Python：在参数中包含矩阵的函数

Question

So, in my program I have a "main" function, which changes two elements of a given matrix. The matrix is an element of a list (in the example the list is the variable solved ) and then I want to append three new elements.

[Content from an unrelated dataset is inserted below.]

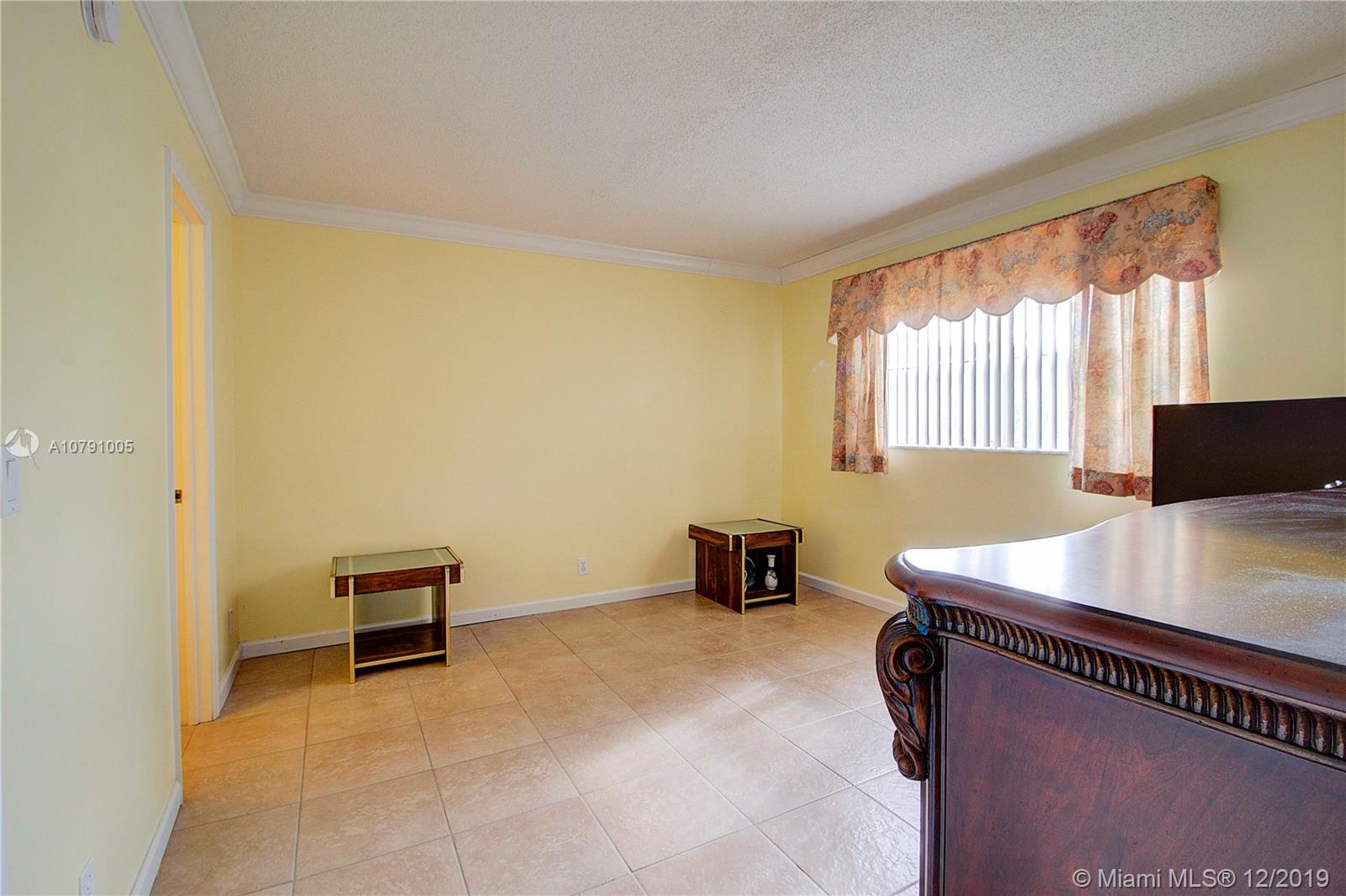 NATURA 2 CONDO - Residential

def main(matrix,direction):
    index16 = indexOf(16,matrix)
    matrix[index16[0]][index16[1]],matrix[index16[0]-1][index16[1]]=matrix[index16[0]-1][index16[1]],matrix[index16[0]][index16[1]]

    return matrix

solved = [[[2,1,3,4],
      [5,6,7,8],
      [9,10,11,12],
      [13,14,15,16]
      ]]

not_solved = [[0,"up"],
          [0,"left"]
          ]

while not_solved:
    solved.append(main(solved[not_solved[0][0]],not_solved[0][1]))
break

When I execute the program, I can see the "solved" array. However the initial matrix stays the same as in the beginning.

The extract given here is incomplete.